▶ Task requirements: Looking at the listing below, retype exactly the lines starting at the one containing "STL Adidas Polo" and ending at the one containing "プレミアムクオリティ【水晶　ロッククリスタル】ヴォーゲルワンド クリスタル 楽天市場】選べる", both included, and nothing else.

===== Records for processing

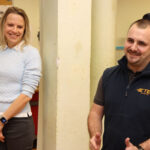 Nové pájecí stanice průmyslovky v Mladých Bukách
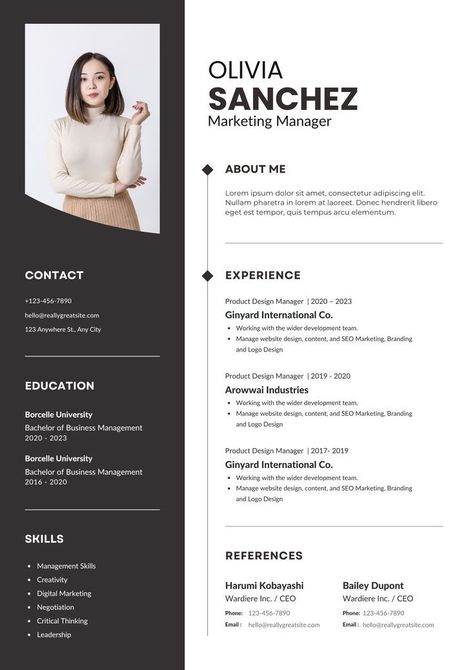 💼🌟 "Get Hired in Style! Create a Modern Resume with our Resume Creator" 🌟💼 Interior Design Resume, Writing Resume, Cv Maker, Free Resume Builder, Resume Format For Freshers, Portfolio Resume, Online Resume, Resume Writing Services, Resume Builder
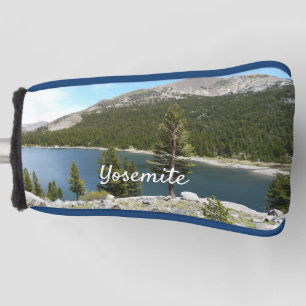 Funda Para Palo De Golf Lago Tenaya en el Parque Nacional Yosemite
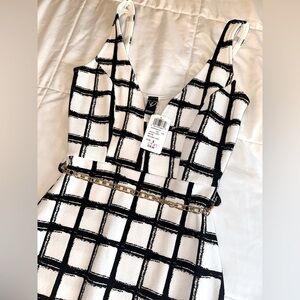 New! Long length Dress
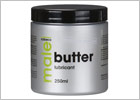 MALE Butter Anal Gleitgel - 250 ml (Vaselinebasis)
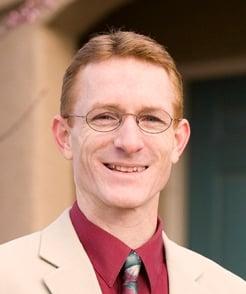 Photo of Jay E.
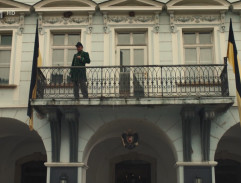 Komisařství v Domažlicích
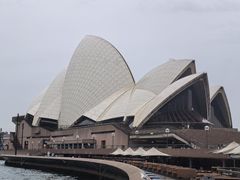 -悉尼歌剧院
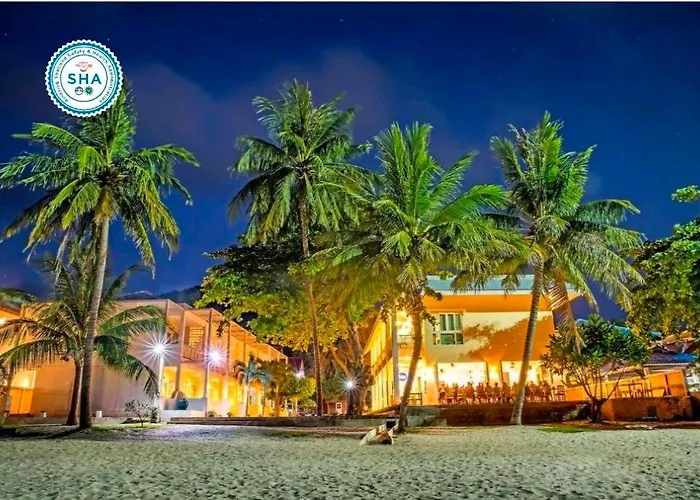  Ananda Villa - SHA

==========
===== Records for processing

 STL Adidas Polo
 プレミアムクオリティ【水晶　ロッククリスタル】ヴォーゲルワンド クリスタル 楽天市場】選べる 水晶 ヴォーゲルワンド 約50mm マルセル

==========

▶ Answer to the exercise:
 STL Adidas Polo
 プレミアムクオリティ【水晶　ロッククリスタル】ヴォーゲルワンド クリスタル 楽天市場】選べる 水晶 ヴォーゲルワンド 約50mm マルセル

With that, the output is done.